Cette crise est le signal de la fin d’une époque,
de la fin de certaines cultures, de la fin de certaines religions, de la fin d’une
certaine façon de vivre ; le signal aussi que l’on ne reviendra pas en
arrière. Mais en même temps, cette crise est comme un accouchement : une
nouvelle époque est en train de naître, de nouvelles cultures émergent, de
nouvelles façons de croire et de vivre. Le défi est de trouver, dans nos pays
et parmi nous, les chemins menant à ces nouvelles façons de croire, de vivre et
d’organiser la vie en société.
2. La cause majeure de ces maux, c’est le système capitaliste
-
Le
modèle capitaliste est basé sur la production sans fin, sur la consommation
croissante et sur les gains illimités. Il a besoin de l’exploitation
incontrôlée des ressources naturelles. Il est incompatible avec la préservation
de la vie sur notre planète. Si nous continuons dans ce sens, nous allons vers
l’autodestruction de la vie, et ça, nous le savons déjà, car nous consommons
beaucoup plus que la Terre peut reproduire.
-
Durant
les 20 dernières années, les grands organismes internationaux,
qu’ils s’appellent FMI (Fond Monétaire International), BM (Banque Mondiale),
BID (Banque Internationale de Développement), OMC (Organisation Mondiale du
Commerce), ONU (Organisation des Nations-Unies)… ont obligé les pays pauvres à
s’industrialiser en suivant les normes qui bénéficient aux pays du Nord :
privatisations, qui signifient dépossession, suppression des droits de douanes
afin d’envahir leur marchés avec des produits subventionnés, signatures de
traités de libre commerce qui détruisent les industries nationales, diminution
du financement des services sociaux comme l’éducation, la santé, le logement,
la sécurité sociale, élimination des droits de l’homme, des droits du travail,
des droits sociaux, obligation pour les États de protéger les entreprises
privées multinationales et d’adapter leurs constitutions à la nouvelle
situation. Les peuples et les pays qui résistent sont poursuivis et envahis,
comme par exemple la Palestine, l’Irak, l’Afghanistan, le Honduras, le Paraguay…
-
Les
pays industrialisés ne sont pas disposés à changer : l’échec des réunions
mondiales sur le réchauffement global l’a démontré très clairement. Ces
derniers, qui représentent seulement 20% de la population mondiale, consomment
80% des biens produits sur la planète.
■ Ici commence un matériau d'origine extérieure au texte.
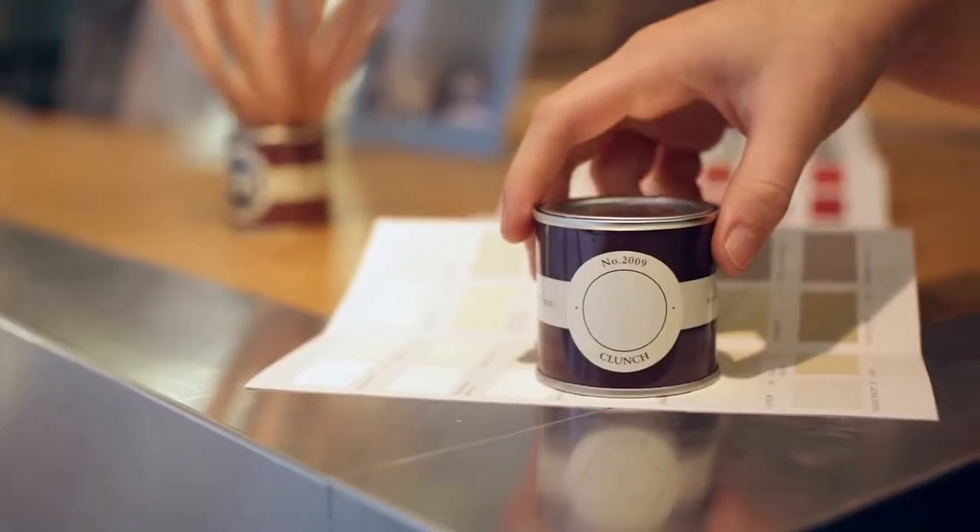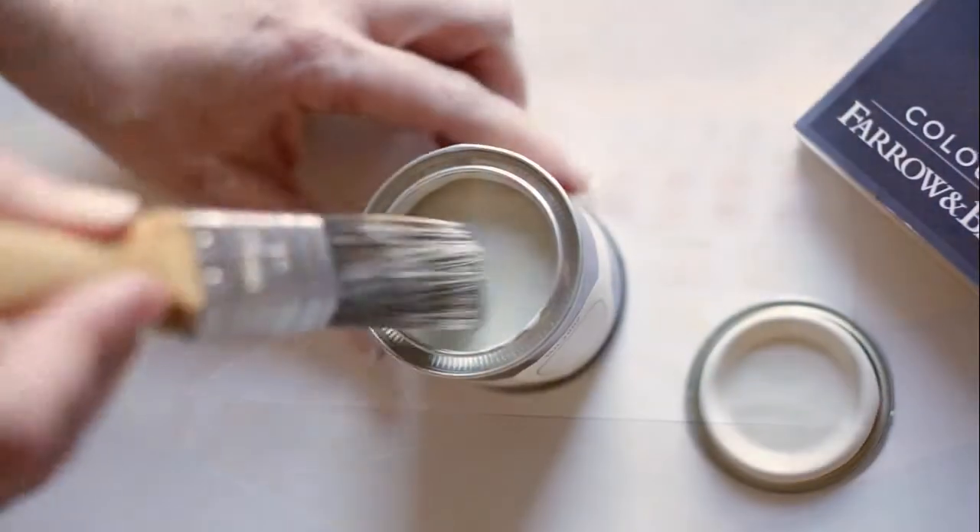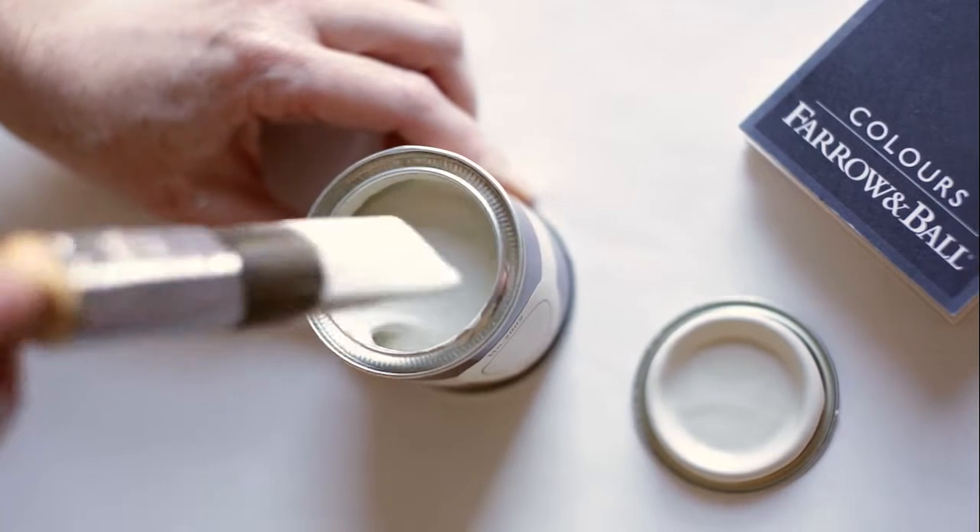The same colour can often look quite different depending on the light, so it is always useful to test them at home first.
La solution qu’ils ont apportée face á la
crise financière a été de refinancer les banques afin que le mal soit le même
et se propage. Qui a financé cette initiative ? Les gouvernements, c’est-à-dire
les citoyens, et les pays du Tiers-Monde qui payons les déficits des pays du
Nord avec notre dette extérieure et les prix dérisoires pour nos matières
premières.
- Espoir dans les pays du
Sud
Face au malheur des pays industrialisés du Nord,
les pays du Sud lèvent la tête et proposent des alternatives de société, de foi
et de manière de vivre. Il faut sortir du capitalisme et de sa version
modernisée, le néo-libéralisme.
a)
La
vague de gouvernements progressistes en Amérique Latine. La solution ne fut pas seulement de
résister, mais de prendre la décision de proposer et de mettre en marche une
autre organisation sociale, aussi bien au niveau économico-politique que
socio-culturel. Cette décision ne vient pas seulement de petits groupes isolés
mais de peuples -indigènes en particulier- et de pays dans leur ensemble. La
majeure partie des nations sud-américaines a suivi cette voie, à part le
Mexique, la Colombie, le Pérou, le Chili, le Costa Rica… Le Venezuela est en
tête ; en Bolivie et en Équateur, ces changements se sont reflétés dans
leurs Constitutions, en se déclarant pays plurinationaux et en reconnaissant,
pour l’Équateur, les droits de l’environnement (en Amazonie, le parc national
Yasuní, une des régions planétaires les plus riches en diversité biologique, a
été déclaré impropre à l’exploitation minière).
b)
La
création d’organismes sud-américains, comme par exemple : l’ALBA (Alliance
Bolivienne pour les Amériques), la BANSUR (Banque du Sud), l’UNASUR (Union des
Nations Sud-Américaines), TVSUR (Canal de Télévision propre à plusieurs pays,
et basé au Venezuela)… Il semble que les Etats-Unis ont perdu une bonne partie
de leur hégémonie politique et économique, mais il leur reste l’hégémonie
militaire. Et ils disposent de puissants alliés et de traités de libre commerce
(déjà en place ou en voie de réalisation) avec les gouvernements de Colombie,
du Pérou, du Chili, …
c)
Alternatives
religio-ecclésiales. La solidarité des Églises avec les processus en marche est encore très
limitée. Les hiérarchies catholiques s’opposent, bien qu’elles ne le fassent
pas si ouvertement, aux changements en cours ; une partie des évêques
brésiliens est plus ouverte à ces nouveautés. Les Églises évangélistes n’ont
pas non plus fait preuve d’un grand enthousiasme. Ce sont davantage les groupes
liés à la théologie de la libération et à l’Église des Pauvres qui appuient
résolument les changements actuels.
-
Le
document final des évêques latino-américains réunis à Aparecida, au Brésil, en
2007, reconnaît, même s’il le fait de façon très ambiguë et en donnant
majoritairement son appui à une ligne conservatrice, la validité des Communautés Ecclésiales de Base et de l’Option pour la
cause des pauvres. Certaines paroles du Pape sur la première évangélisation
ne furent pas très opportunes et furent fortement répudiées par les Peuples
indigènes du continent.
-
Les CEBs (Communautés Ecclésiales de Base) continuent à
représenter une force rénovatrice pour les Églises et la société. La décision
du CELAM (Comité Épiscopal Latino-Américain) lié à une Grande Mission afin de
« rénover les paroisses » et de « relancer les CEBs au niveau continental »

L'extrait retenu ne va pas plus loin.